The regulators’ exemption narrowly addresses CDOs, not the banking industry’s related complaint that the Volcker Rule could also force losses on certain collateralized loan obligations. Several industry groups including the Financial Services Roundtable and Securities Industry and Financial Markets Association have written letters to regulators warning of market disruptions if banks have to sell off CLO holdings.
Industry representatives will testify before the House Financial Services Committee today on the impact of Volcker, a centerpiece of the 2010 Dodd-Frank Act’s overhaul of U.S. financial regulation. Much of their criticism will focus on the CLO treatment, according to their prepared testimony.
“CLOs provide over $300 billion in financing to thousands of businesses,” said David C. Robertson, a partner at Treasury Strategies Inc., a Chicago-based consulting firm, in testimony on behalf of the U.S. Chamber of Commerce. He argued that Volcker was too broad in defining ownership in CLOs that would be affected by the rule’s limits.
“The regulators, acting without prior notice, far exceeded the requirements of the statute,” Robertson said. Banks could be forced to restructure $70 billion in CLO debt, he said, which could create a “rush to liquidate.”
Also today, The American Bankers Association will indicate its plans for the lawsuit it filed to block implementation of the Volcker Rule as smaller banks objected that it would force a CDO sell-off.
“The ABA will be conducting a more comprehensive review of the amended language and will announce a decision regarding the pending litigation on this issue tomorrow,” ABA president Frank Keating said yesterday in a statement. In a first look, he said the Volcker changes provided “a broad exemption” for CDOs.
Trust-preferred securities, issued by banks and insurers, are hybrid instruments that occupy territory between stocks and bonds. Investors -- including other banks -- are drawn to their favorable tax treatment, and regulators targeted them at banks because they can make the institutions appear better capitalized than they are.

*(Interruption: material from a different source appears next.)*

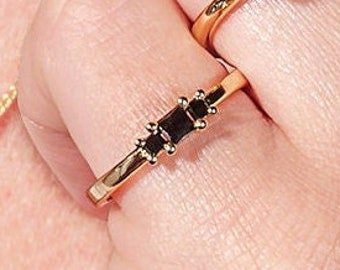 Zwarte diamanten verlovingsring || Fijne sieraden || Minimalistische gouden verlovingsring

The regulators published a list of 86 CDOs that are backed by these securities and won’t be covered by Volcker Rule limits, including such names as Trapeza Edge CDO and ALESCO Preferred Funding XVII.
Salt Lake City-based Zions Bancorp had said Volcker could cause it to lose about $387 million. Zions owned $1.2 billion of bank-issued TruPS CDOs as of Sept. 30, the most among all U.S. banks, according to analysts at Sterne Agee & Leach Inc. About 3 percent of U.S. banks held similar CDOs and a sudden sale by Zions could disrupt the market, Sterne Agee said.
Hedge funds have gravitated to the $41.2 billion market in these securities, which after losing most of their value in the 2008 crisis have returned to almost 40 cents on the dollar in some cases, according to prices from JPMorgan Chase & Co.
Lawmakers from both parties had objected to making small banks sell off the securities. Senators Joe Manchin, a West Virginia Democrat, and Roger Wicker, a Mississippi Republican, introduced a bill providing grandfathering protection for banks with less than $50 billion in assets. House Financial Services Committee Chairman Jeb Hensarling, a Texas Republican, introduced a similar bill with Representative Shelley Moore Capito, a West Virginia Republican.